Here’s a scenario you might face as a business analyst. The head of the customer service team, we’ll call her Joy, has submitted a project proposal to get a new field added to the contract form in your customer management application. The new field is “number of units sold.” Joy has been criticized for the number of open contracts in the system and her reps aren’t sure if they should close the contracts or not, because there is no defined number of units to fill.
Being the insightful business analyst you are, you realize that this new field does not just impact the customer service team. You get Bob from accounting involved, as well as Samantha, the head of sales.
Bob is excited about the new field and wants it also included in a few of the reports the accounting team uses. Samantha is ambivalent, but insists it be optional and would prefer two fields instead of one. Joy absolutely insists on a single field and says it is required.
As you facilitate the requirements discussion, Samantha and Joy clash regarding what the feature should look like while Bob provides a slew of new feature ideas assuming one or the other version of the field exists. You don’t see any end to the back-and-forth debate, let alone the rabbit hole Bob is leading you down.

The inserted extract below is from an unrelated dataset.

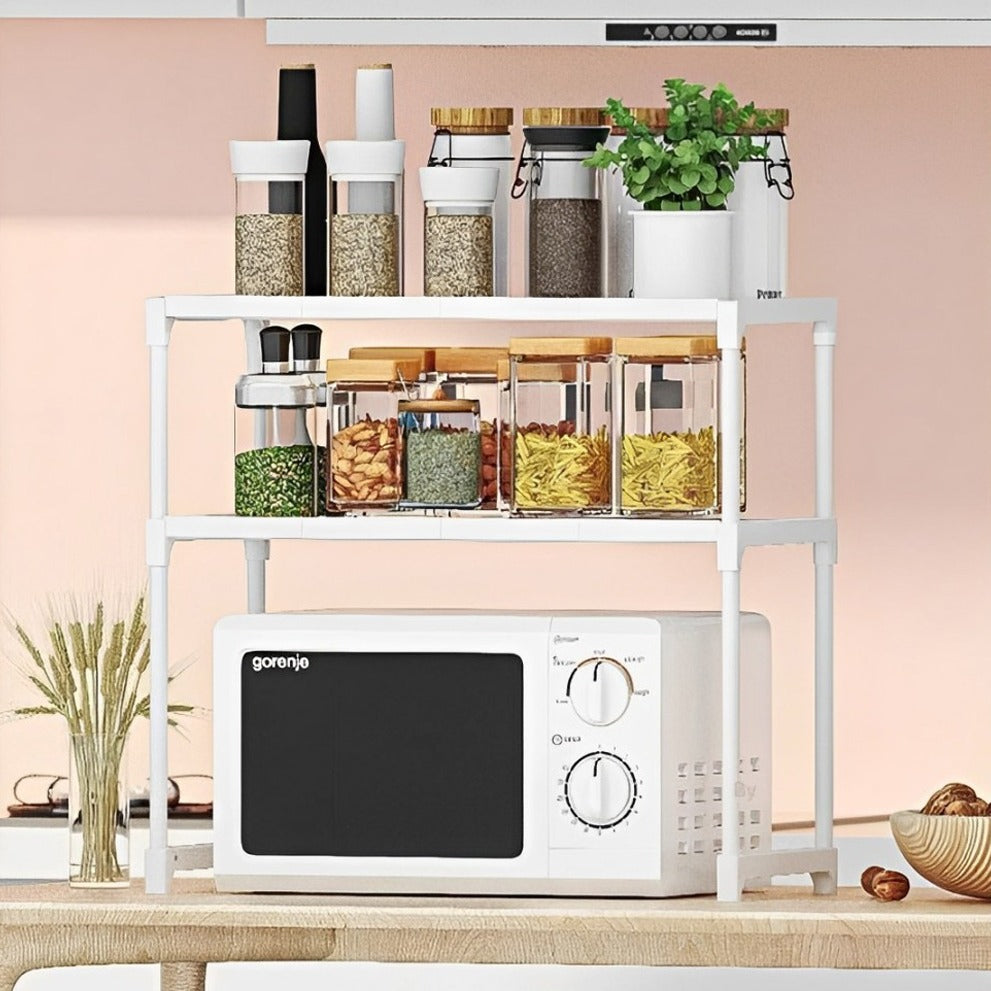 White double-layer rack organizing jars, bottles, and a microwave on a countertop.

These types of conflicts are common, even in the smallest of business analysis projects. Typically the root cause goes back to any combination of the following three issues:
Process
The debate about the field (or feature) has ignored the process (or how and when data for the field will be collected and used). Joy most likely assumes the sales person will fill in this field. Samantha may have concerns about her salespeople providing accurate information. Looking at the end-to-end process for closing and fulfilling a contract could help everyone understand who collects this information, when it is finalized, and if and when it might change.
Terminology
The term contract may be deceptively simple and doesn’t necessarily have one defined meaning. Samantha’s perspective on a contract might be during the pre-sales negotiation period. Joy is probably thinking about a finalized contract her team needs to fulfill. Bob might be thinking about a contract that’s ready for invoicing. Asking everyone to share their interpretation of the term could lead to a more fruitful discussion.
Organizational Issues
Technology changes are almost always tied back to larger organizational issues, otherwise known as politics. Instead of going directly to sales and asking for the information her team needs to do its job, Joy proposes a required field. Samantha’s resistance is actually a very positive response. A less direct stakeholder would allow the field to be required and let their sales people put a ballpark number into the field, which might pacify Joy in the short-term but not solve the underlying problem.
Feature battles are rarely so much about the features themselves as they are about process, terminology, and politics. When you find your stakeholders disagreeing about features, drive the conversation backward to the underlying cause and you’ll be able to guide a much more productive and effective discussion.